• [Problem statement] Using the data below, output a verbatim copy of the lines between the one holding "Sand River Guest House - Restaurant" and the one holding "The emotion of", inclusive, without any pictures.

• [Material for the task]
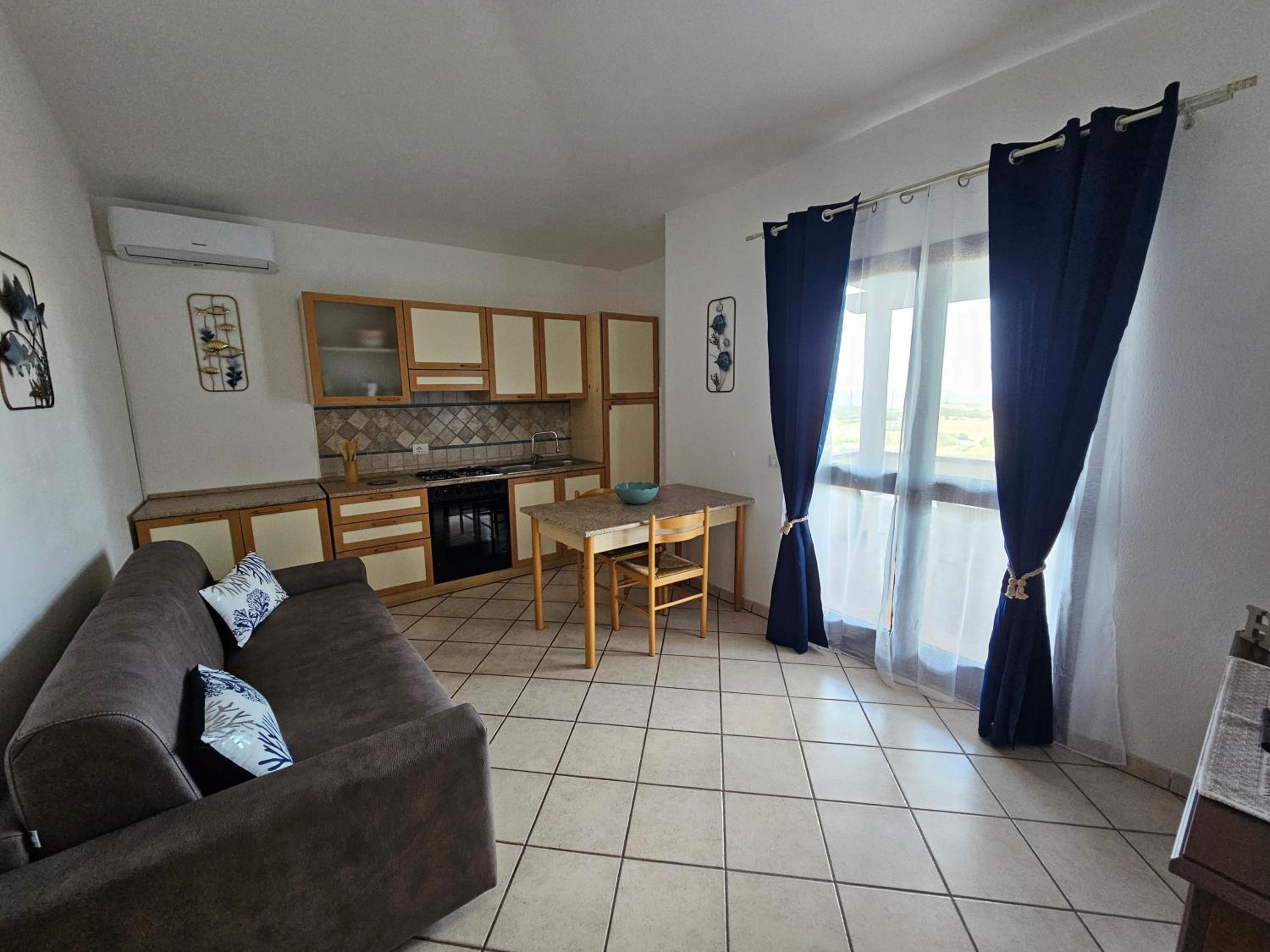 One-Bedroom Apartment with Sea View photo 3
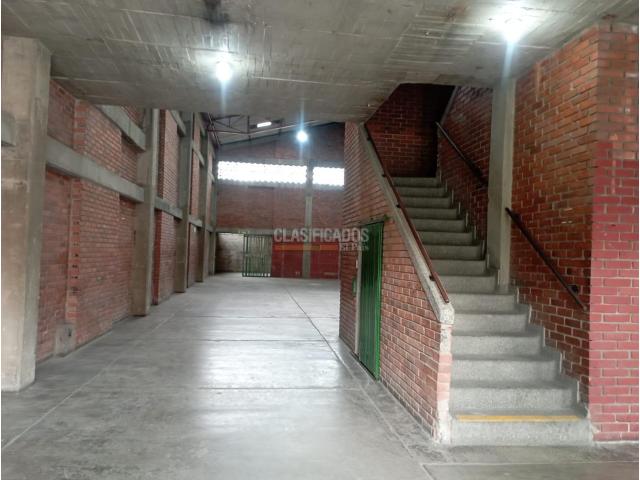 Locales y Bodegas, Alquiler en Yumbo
==
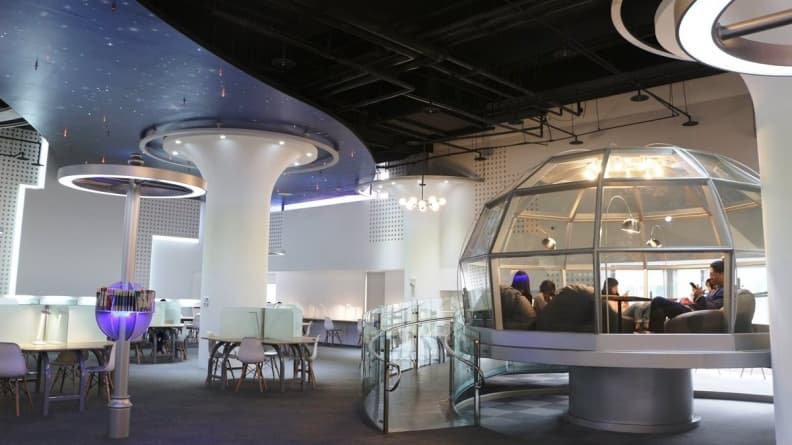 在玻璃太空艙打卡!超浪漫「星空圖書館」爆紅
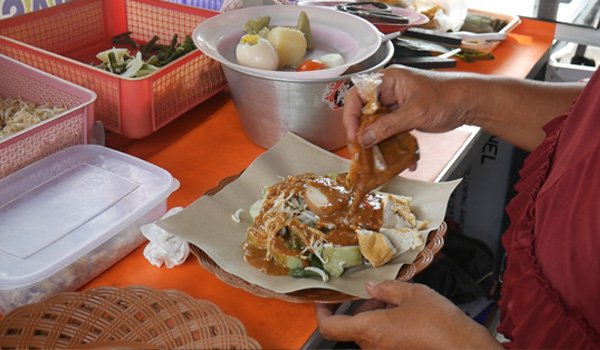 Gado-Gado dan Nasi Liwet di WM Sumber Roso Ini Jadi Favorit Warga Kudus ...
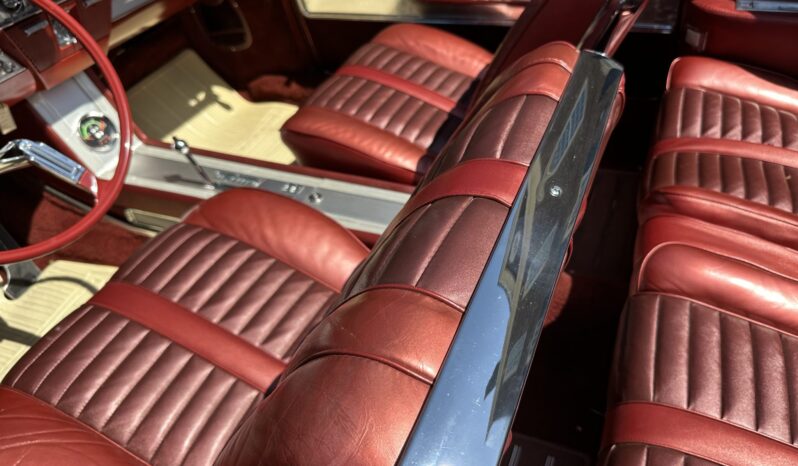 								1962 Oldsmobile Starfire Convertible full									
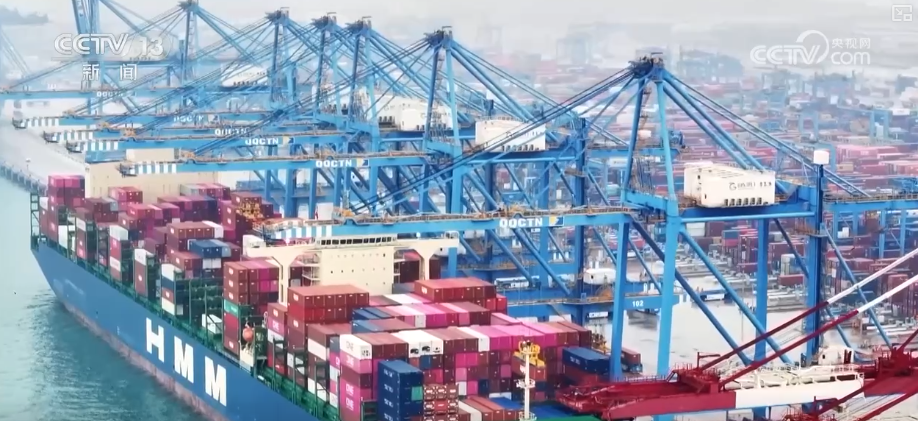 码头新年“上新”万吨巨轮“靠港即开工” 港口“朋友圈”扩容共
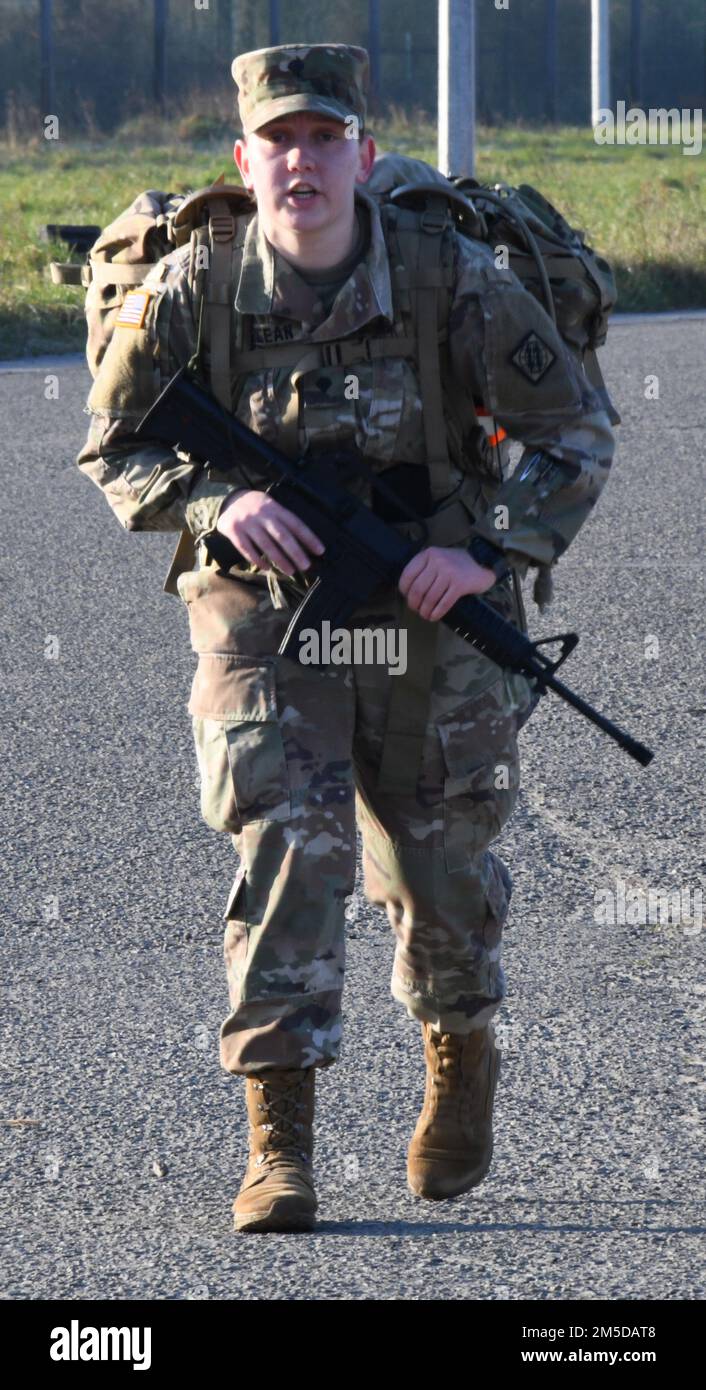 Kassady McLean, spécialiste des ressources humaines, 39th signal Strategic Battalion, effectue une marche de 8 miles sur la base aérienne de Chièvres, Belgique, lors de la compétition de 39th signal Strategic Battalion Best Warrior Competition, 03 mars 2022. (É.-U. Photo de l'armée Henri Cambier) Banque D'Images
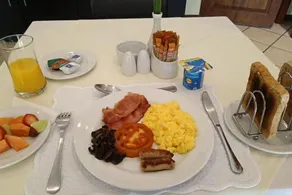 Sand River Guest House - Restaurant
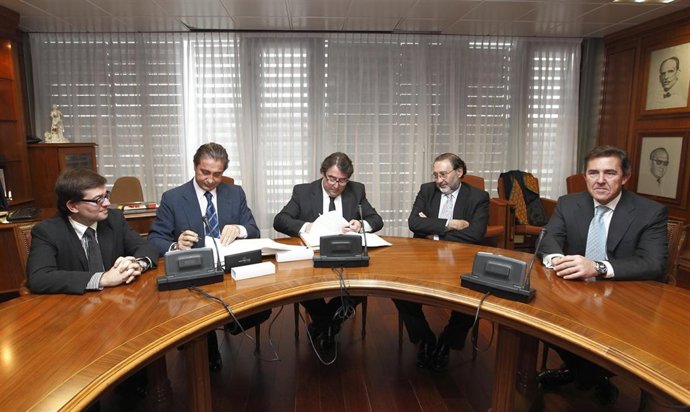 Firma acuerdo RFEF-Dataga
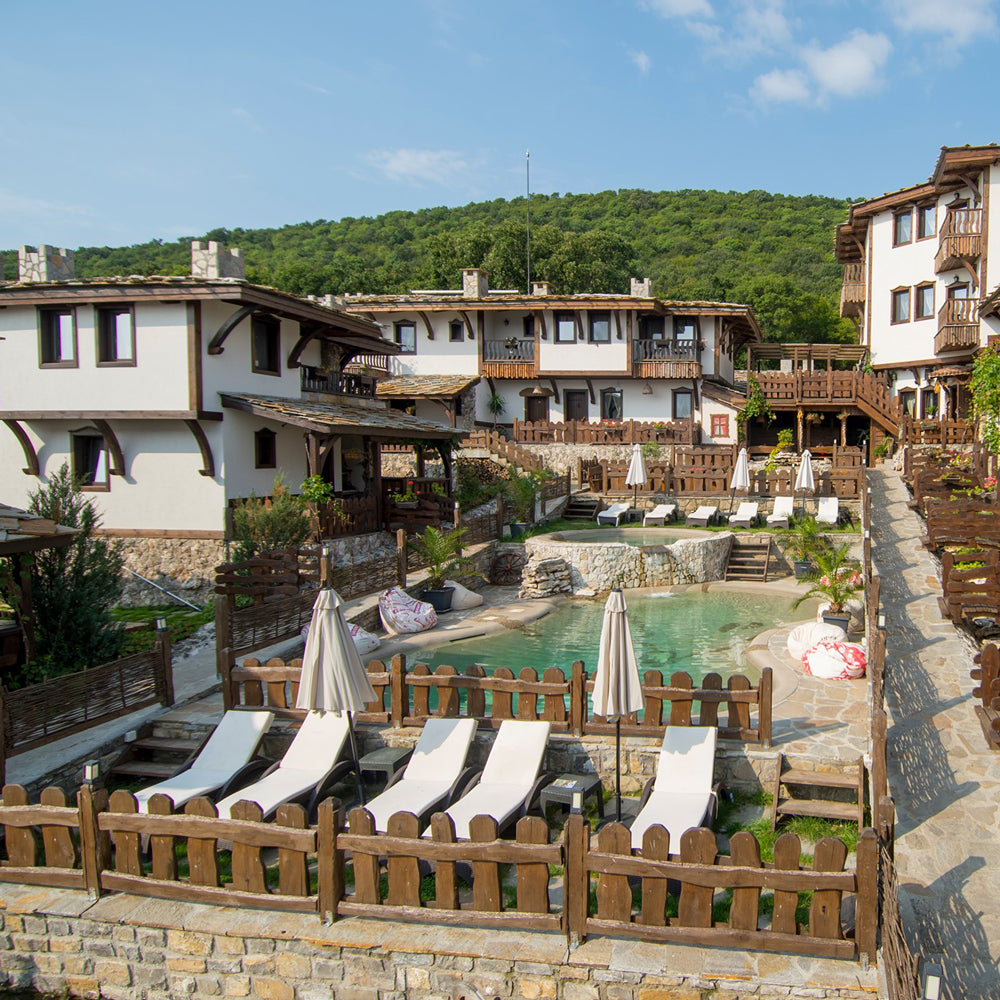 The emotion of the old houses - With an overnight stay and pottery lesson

• [Exercise answer]
 Sand River Guest House - Restaurant
 Firma acuerdo RFEF-Dataga
 The emotion of the old houses - With an overnight stay and pottery lesson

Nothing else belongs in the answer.